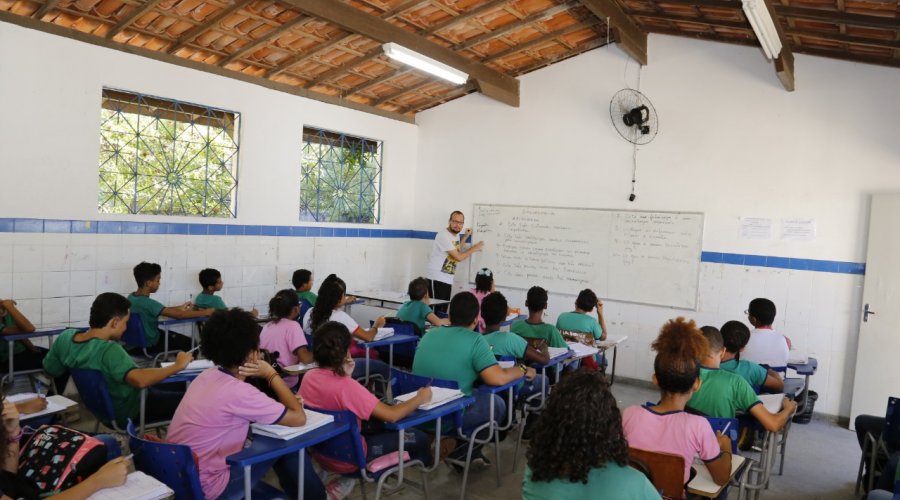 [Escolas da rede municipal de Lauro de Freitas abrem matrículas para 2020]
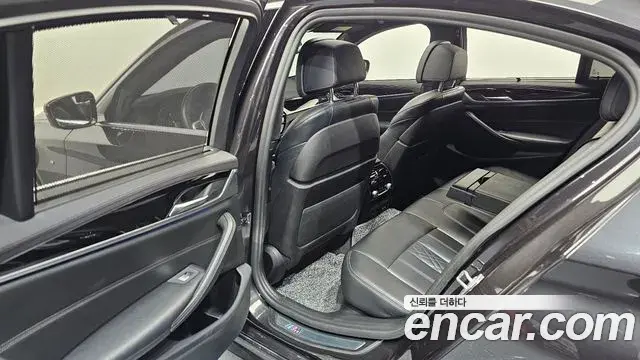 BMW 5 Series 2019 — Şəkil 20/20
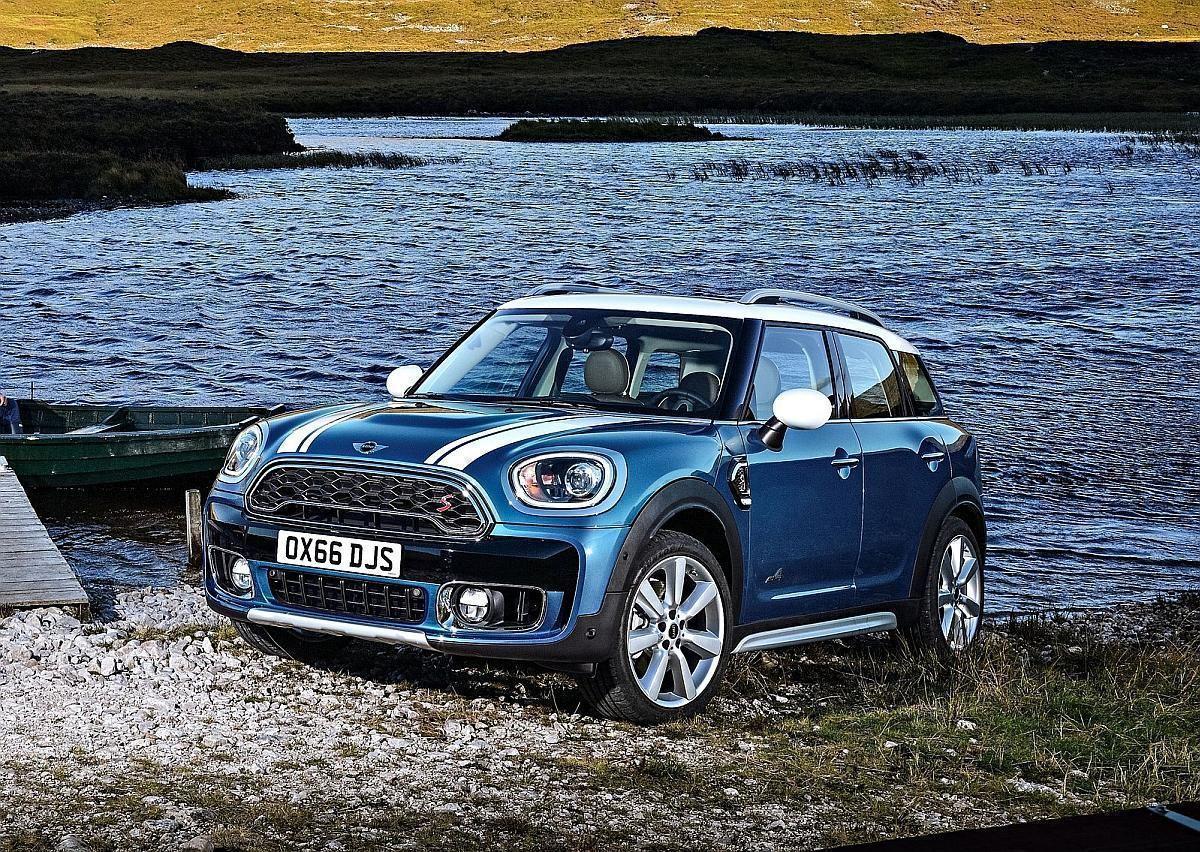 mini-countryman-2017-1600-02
* * *
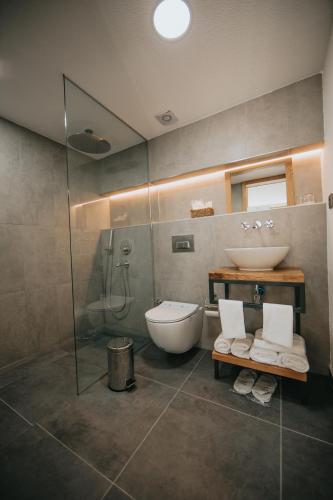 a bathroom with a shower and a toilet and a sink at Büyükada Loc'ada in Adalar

TASK TO COMPLETE:
Though the entries above contain pictures, none should be copied; reproduce only the lines between the one holding "BMW 5 Series 2019 — Şəkil 20/20" and the one holding "mini-countryman-2017-1600-02", inclusive, exactly as written.

FINISHED EXERCISE:
 BMW 5 Series 2019 — Şəkil 20/20
 mini-countryman-2017-1600-02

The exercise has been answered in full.